Supraconduction, recycling and the optimisation of our domestic and industrial machines will probably afford us major savings. But on the whole, only the increase in our energy production will be able to guarantee the continuation of technological progress, and especially the division of technologies between all people of the planet. Consequently, our industrial societies will be soon confronted with a double challenge, apparently paradoxical: produce much more energy, while polluting much less.

The technology of tomorrow: nuclear fusion

Unlike fission, a process that divides heavy cores such as uranium, fusion is a process that assembles light cores, like hydrogen. The amount of energy produced in this way is much greater, and no radioactive waste with its interminable lifetime is released. Nuclear fusion, when it is controlled, will therefore produce clean and almost unlimited energy.

Therein lies, obviously, the future of our energy production. However, it is not easy to build a miniature star inside an engine. In order to be operational, a power station has to protect the equipment to be merged inside a confinement cell, which presents a formidable engineering challenge. The relevant technology is still experimental, but constant progress is being made in this sense, and, in a few years’ time, we will have reached the critical point where fusion will be a fully functioning energy resource.

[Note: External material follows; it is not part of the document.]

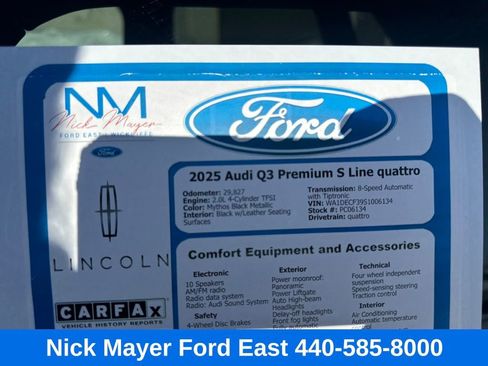 Used 2025 Audi Q3 2.0T Premium image 30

Deuterium and tritium, hydrogen isotopes used in the engines, can be extracted from water. There is therefore no need to collect major quantities of a fossil material, like oil, or a rare element, like uranium. An industrial power handling nuclear fusion is never dependent on a third power for its supply of fuel: it must only have scientific and technological competences for building and maintaining its engines. No other source of energy represents such a strong independence from natural resources.

Europe can play a key role in the development of fusion

The development of fusion should be one of the technological priorities of the European Union, for three reasons:

• Europe has exceptional competences as regards physics of the particles, as shown by its important share in the ITER programme (International Thermonuclear Experimental Reactor). It is probably best placed, on a worldwide scale, to cunduct research on fusion.

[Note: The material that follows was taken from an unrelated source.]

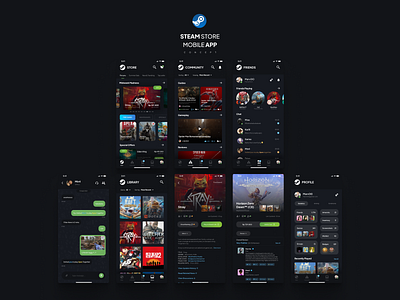 Steam Store UI Mobile App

• Europe is today the world leader as regards environment, and it represents, with the United States, the main scientific and technological power of the planet. It can strengthen this position while entering into major research projects, and by playing the role of pioneer.

• Europe has to find a means of ensuring its energy independence, while freeing itself from the constraints related to the resources. Fusion represents an unexpected chance of developing a clean, sustainable energy resource and with very high capacity, which could ensure our industrial future for the coming decades.

Let us add finally that the political Europe, that we support, was built around federal projects, and that it can only continue with ambitious programmes. Fusion technology supplies a clear, realistic solution, adapted to the energy and environmental issues with which we are currently confronted. Its development has therefore to be fully supported, encouraged by a strong political will, and must be shared and discussed with civil society.

It would be a beautiful image and a major project, both physical and political: unify nations by merging atoms.

Image: nuclear fusion; source: Wikicommons under licence Creative Commons.